Compute Node Setup

Infiniband Setup

  • Create a configuration file specifically for the nodes group /var/lib/metalware/repo/config/nodes.yaml with the ib network setup:

    networks:
      ib:
        defined: true
        ib_use_installer: false
        mellanoxinstaller: http://route/to/MLNX_OFED_LINUX-x86_64.tgz
        ip:
    

Note

If you want to install the Mellanox driver (and not use the IB drivers from the CentOS repositories), set ib_use_installer to true and set mellanoxinstaller to the location of the mellanox OFED installer.

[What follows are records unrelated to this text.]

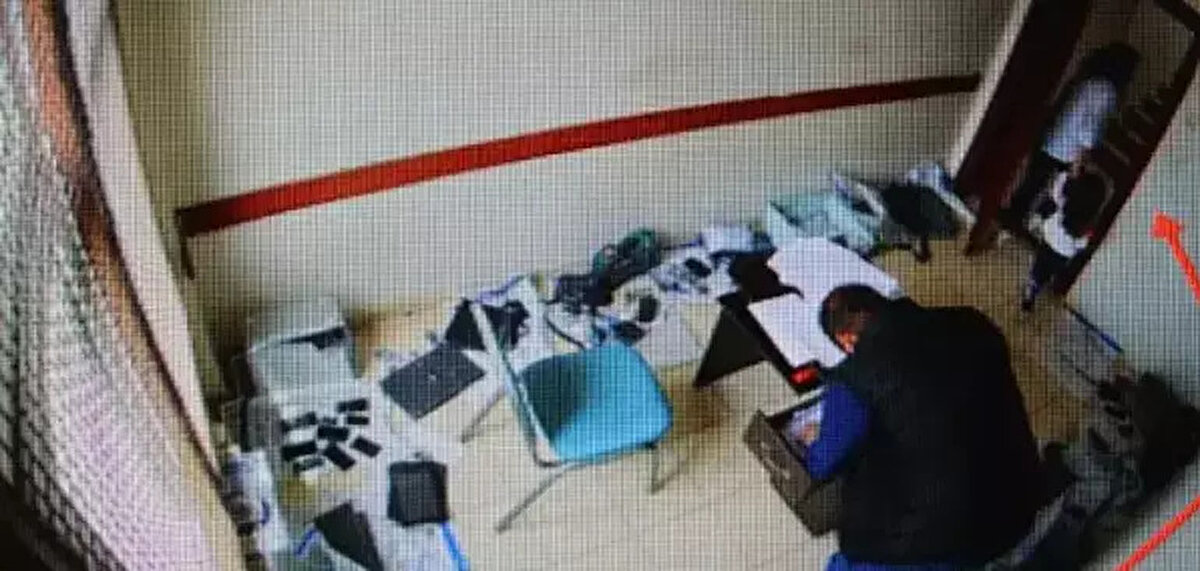 Polis memuru istifa etti<br><br>Müfettişlerin incelemesi devam ederken E.C., polislikten istifa etti.<br><br>Ancak Emniyet Genel Müdürlüğü Teftiş Kurulu Başkanlığı, E.C. hakkında iki kez devlet memurluğundan çıkartma cezası verdi.<br><br>Hakkında zimmet, görevi kötüye kullanma, irtikap, denetim görevinin ihmali, rüşvet ve resen tespit edilecek diğer suçlar hakkında dava açılan eski polis, iddianamenin hazırlanmasının ardından önümüzdeki günlerde ağır ceza mahkemesinde yargılanmaya başlayacağı öğrenildi.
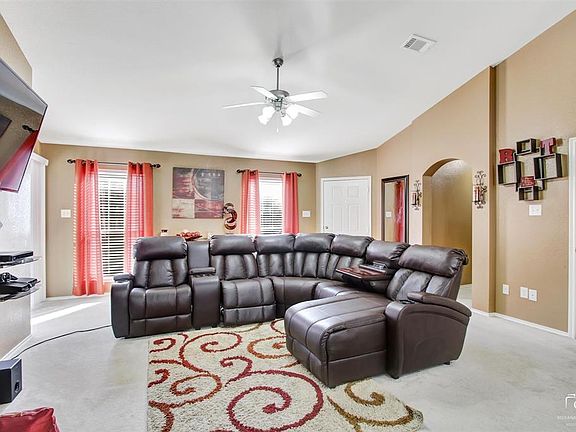 3rd image of 6512 Regina Dr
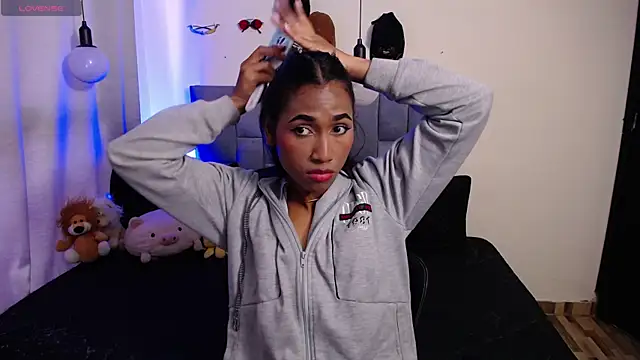 Snapshot of Alissemasiel chatting on November 26, 2025, 7:03 pm Alissemasiel online show from November 26, 2025, 7:03 pm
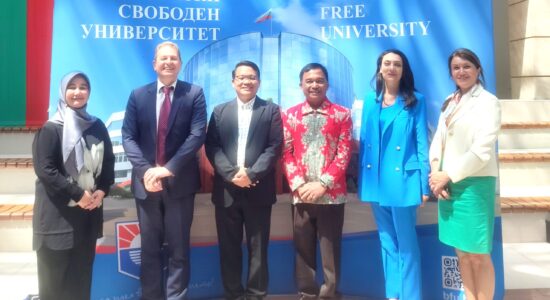 Merambah Eropa, UIN Raden Fatah teken MoU dengan Burgas Free University, Bulgaria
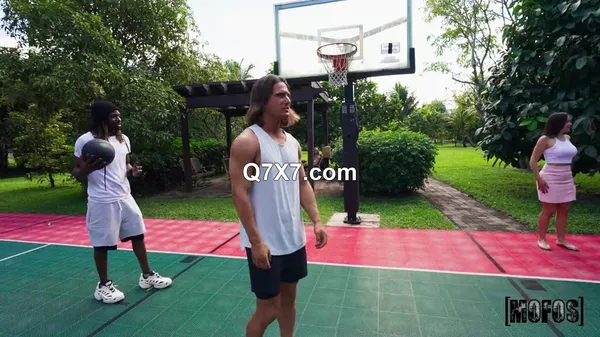 LetsPostIt 25 04 07 Rei Sky Uptown B-Ball XXX 720p MP4-XXX [XC]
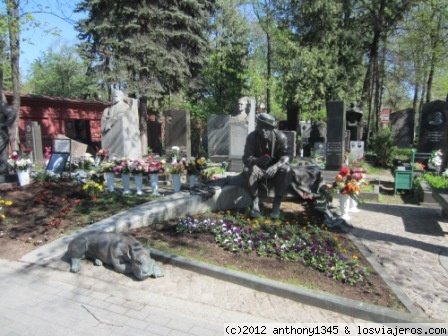 El cementerio de Novodevichi, Moscú
Aparte de contener las tumbas de multitud de rusos ilustres (como Prokofiev o Shostakovich), este cementerio es famoso por ser el lugar donde los artistas soviéticos podían hacer arte que no fuera propagandístico sin el veto del gobierno, encontrando tumbas así de originales...
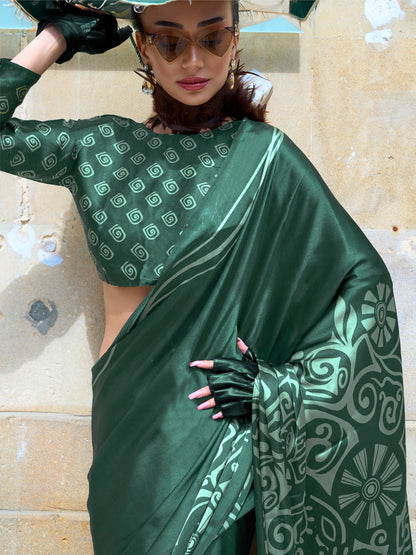 Women's Crepe Green Printed Designer Saree With Blouse Piece
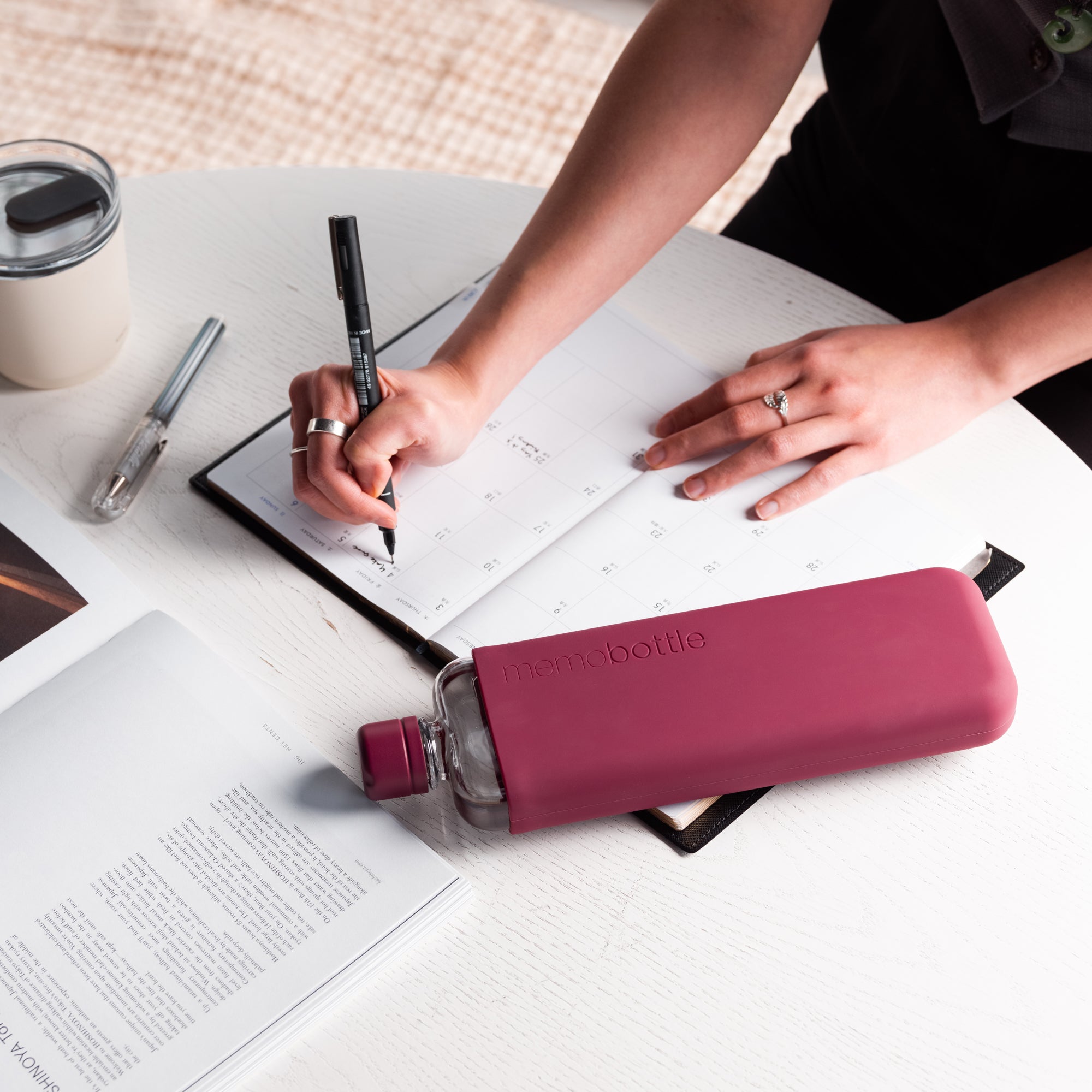 Slim Memobottle Water Bottle - Reusable, Leak-Proof, Eco-Friendly (Bundle) - Perfect for Travel, Gym, Office & Outdoor Activities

  • Download the infiniband.sh script from the knowledgebase:

    mkdir -p /opt/alces/install/scripts/
    cd /opt/alces/install/scripts/
    wget -O 06-infiniband.sh https://raw.githubusercontent.com/alces-software/knowledgebase/release/2017.1/epel/7/infiniband/infiniband.sh
    
  • Add the script to the scripts: namespace list in /var/lib/metalware/repo/config/domain.yaml:

    - /opt/alces/install/scripts/06-infiniband.sh
    
  • Follow Client Deployment Example to setup the compute nodes

Nvidia Driver Setup

  • Download the Nvidia installer to /opt/alces/installers/ on the controller VM as nvidia.run

  • Download the nvidia.sh script from the knowledgebase:

    mkdir -p /opt/alces/install/scripts/
    cd /opt/alces/install/scripts/
    wget -O 07-nvidia.sh https://raw.githubusercontent.com/alces-software/knowledgebase/release/2017.1/epel/7/nvidia/nvidia.sh
    
  • Add the script to the scripts: namespace list in /var/lib/metalware/repo/config/domain.yaml:

    - /opt/alces/install/scripts/07-nvidia.sh
    
  • To run the installer on all nodes in a group (for example, gpunodes) add the following line to the group’s config file (in this example, /var/lib/metalware/config/gpunodes.yaml):

    nvidia: true